Lady Vengeance (; ; titled Sympathy for Lady Vengeance in Australia and Russia) is a 2005 South Korean psychological thriller film directed by Park Chan-wook. The film is the third and final installment in Park's Vengeance Trilogy, following Sympathy for Mr. Vengeance (2002) and Oldboy (2003). It stars Lee Young-ae as Lee Geum-ja, a woman released from prison after serving the sentence for a murder she did not commit. The film tells her story of revenge against the real murderer.

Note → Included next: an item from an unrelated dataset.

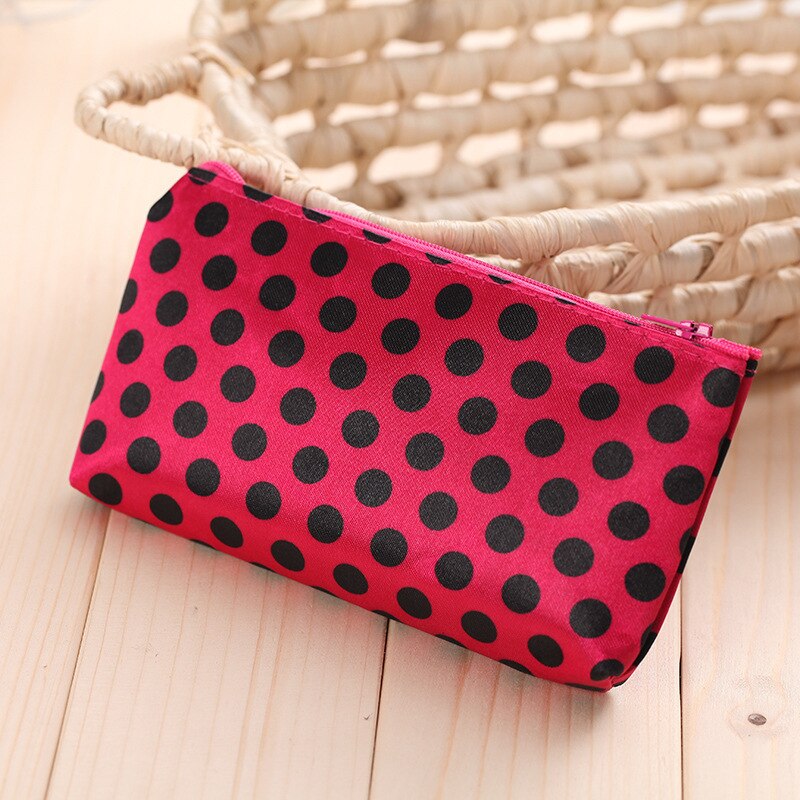 Reise Kosmetikerin Liebe Herz Kosmetik Tasche Satin wasserdichte Kleine Make-Up Tasche Frauen Lagerung Paket Fall Tasche Veranstalter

The film debuted on 29 July 2005 in South Korea, and competed for the Golden Lion at the 62nd Venice International Film Festival in September 2005. While it failed to win in competition, it did walk away with Cinema of The Future, the Young Lion Award, and the Best Innovated Film Award in the non-competition section. It won the award for Best Film at the 26th Blue Dragon Film Awards. The film had its US premiere on 30 September 2005 at the New York Film Festival. It began its limited release in North American theatres on 5 May 2006, to favorable reviews from critics.

Plot
A Christian musical procession waits with a symbolic block of tofu outside a prison for the release of Lee Geum-ja (Lee Young-ae), a reformed female prisoner. Convicted of kidnapping and murdering a 6-year-old schoolboy, Won-mo, 13 years earlier, Geum-ja became a national sensation because of her young age, angelic appearance, and eager confession to the crime. However, she became an inspirational model for prisoner reform during her incarceration, and her apparent spiritual transformation earned her an early release. Free, she is now intent on revenge.

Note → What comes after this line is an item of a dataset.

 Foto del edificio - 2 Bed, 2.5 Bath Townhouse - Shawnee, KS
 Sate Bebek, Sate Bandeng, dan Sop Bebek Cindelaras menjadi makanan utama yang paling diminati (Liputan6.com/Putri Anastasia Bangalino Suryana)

Geum-ja quickly shows that her "kind-hearted" behavior in prison was a cover to earn favor and further her revenge plans. She visits the other paroled inmates, calling in favors that include food, shelter, and weapons. She begins work in a pastry shop and starts an affair with a young shop assistant, Geun-Shik, who would be the same age as Won-mo, had he lived.

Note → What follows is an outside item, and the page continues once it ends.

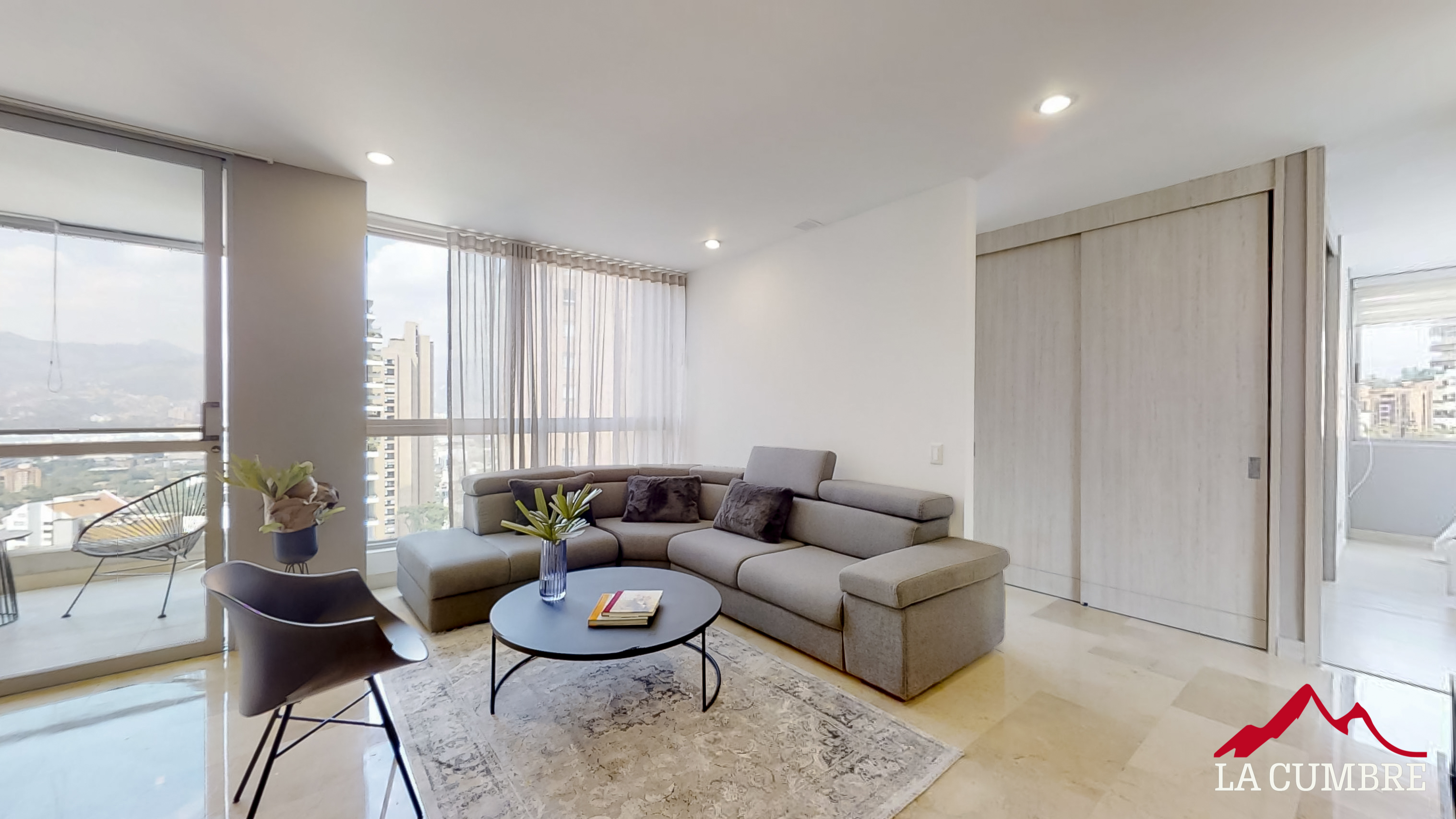 Apartamento en arriendo en Lalinde, Medellín · foto 9 de 16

It is revealed that Geum-ja did not smother Won-mo. The detective on her case was aware of her innocence, but helped her fake crime-scene details to ensure her confession looked credible. As a young high school student, Geum-ja had become pregnant and, afraid to go home to her parents, turned to Mr. Baek (Choi Min-sik), a teacher from her school, for help. Mr. Baek expected Geum-ja to provide sex and assist in his kidnapping racket in return. He used her to lure 5-year-old Won-mo to him, with the intent of ransoming the child, but murdered the boy. He then kidnapped Geum-ja's infant daughter and threatened to murder the baby if Geum-ja did not take the blame. She has spent her time in prison planning revenge on Mr. Baek for the murder of Won-mo, causing Geum-ja's child to grow up without a mother, and for sending her to prison.
    
Geum-ja discovers that her daughter was adopted by Australian parents. Jenny, now an adolescent, does not speak Korean and does not initially embrace her mother, though she does return with Geum-ja to Seoul to bond. Geum-ja plans to kidnap and murder Mr. Baek, now a children's teacher at a preschool, with the aid of his wife, another ex-convict. Mr. Baek hires thugs to kill Geum-ja and Jenny but Geum-ja kills them and Mr. Baek is subdued.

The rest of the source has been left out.